**Action item**
The expected response is the full listing, retyped exactly, without its images.

**Raw data**
***

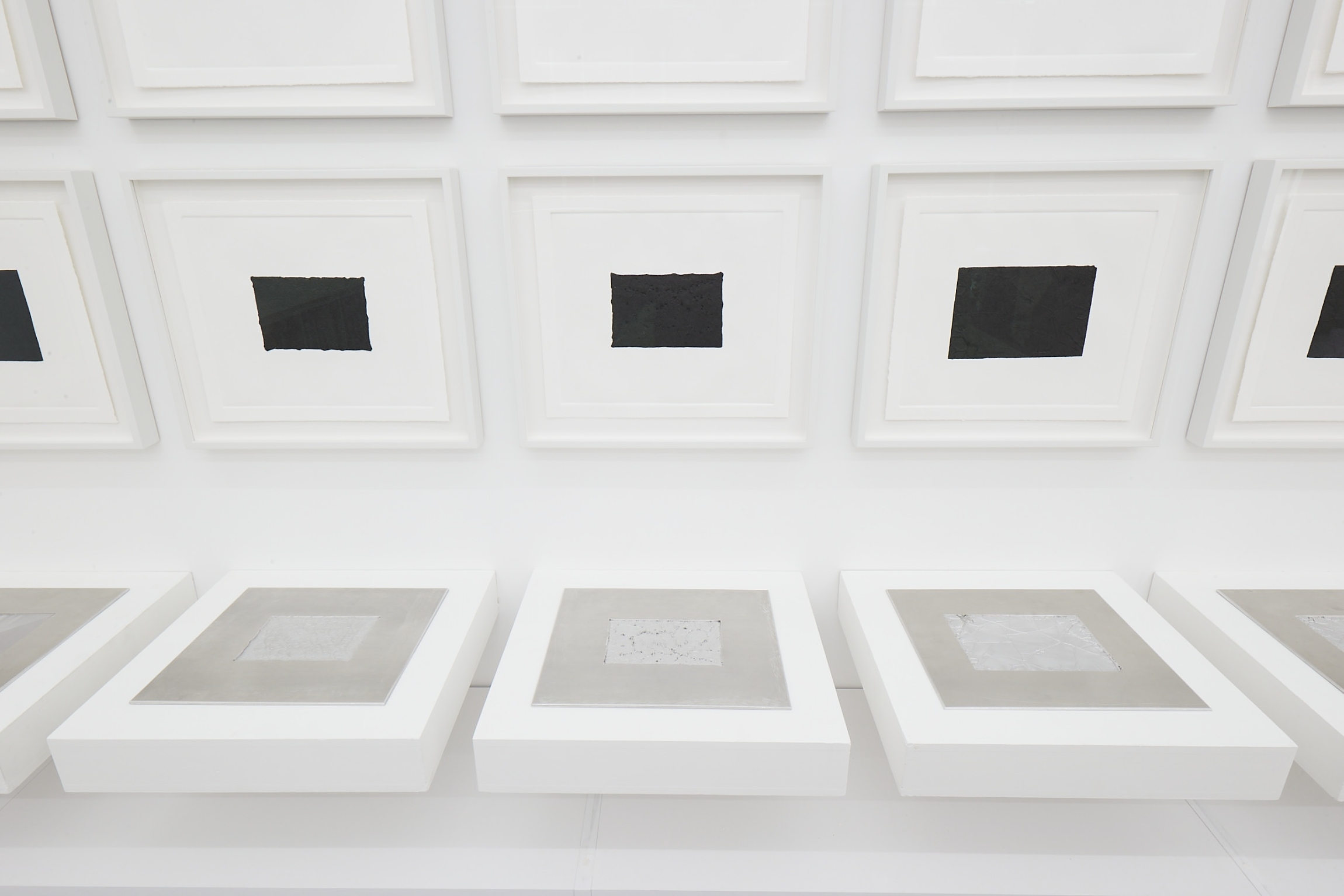 Akram Zaatari, Against Photography, 2017, 12 routed aluminum plates, 24 x 28 cm each, 4 sets of intaglio and chine-collé prints, 27 x 31 cm each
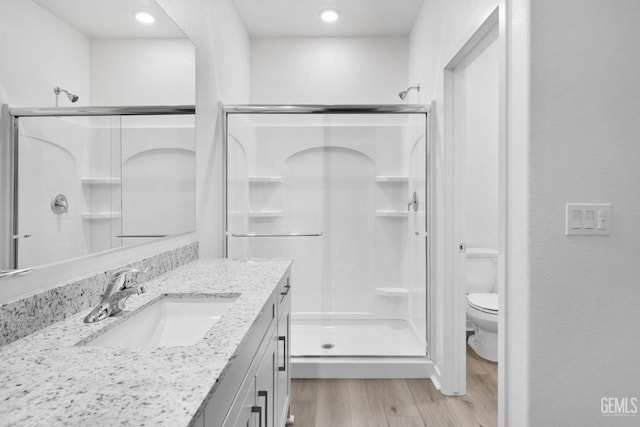 bathroom with wood-type flooring, vanity, walk in shower, and toilet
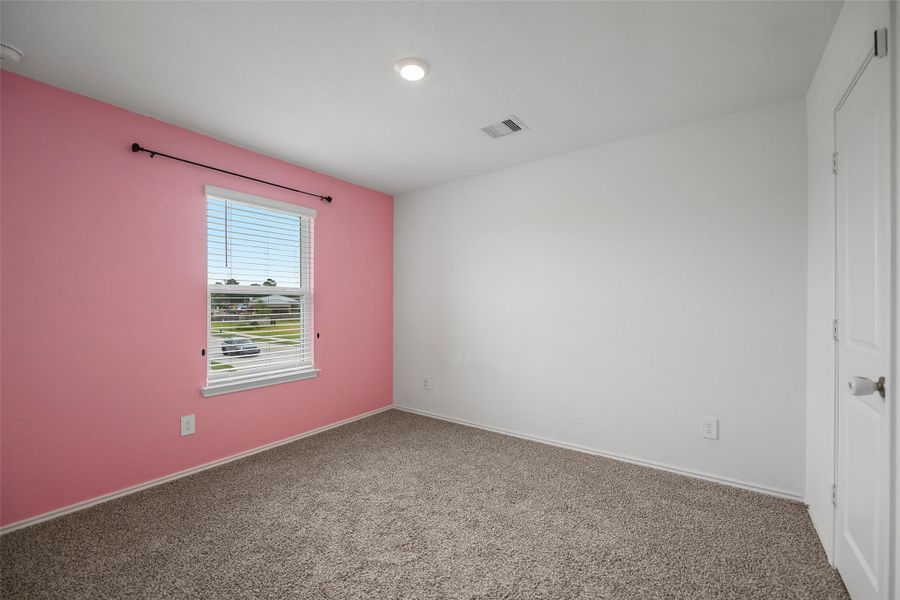 Well-sized upstairs bedroom with abundant natural light Well-sized upstairs bedroom with abundant natural light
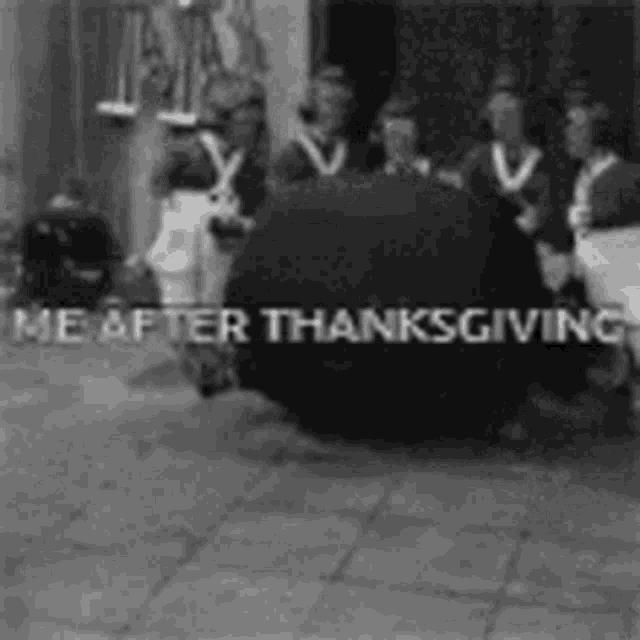 a group of people are standing around a large black object .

***

**Result for this task**
 Akram Zaatari, Against Photography, 2017, 12 routed aluminum plates, 24 x 28 cm each, 4 sets of intaglio and chine-collé prints, 27 x 31 cm each
 bathroom with wood-type flooring, vanity, walk in shower, and toilet
 Well-sized upstairs bedroom with abundant natural light Well-sized upstairs bedroom with abundant natural light
 a group of people are standing around a large black object .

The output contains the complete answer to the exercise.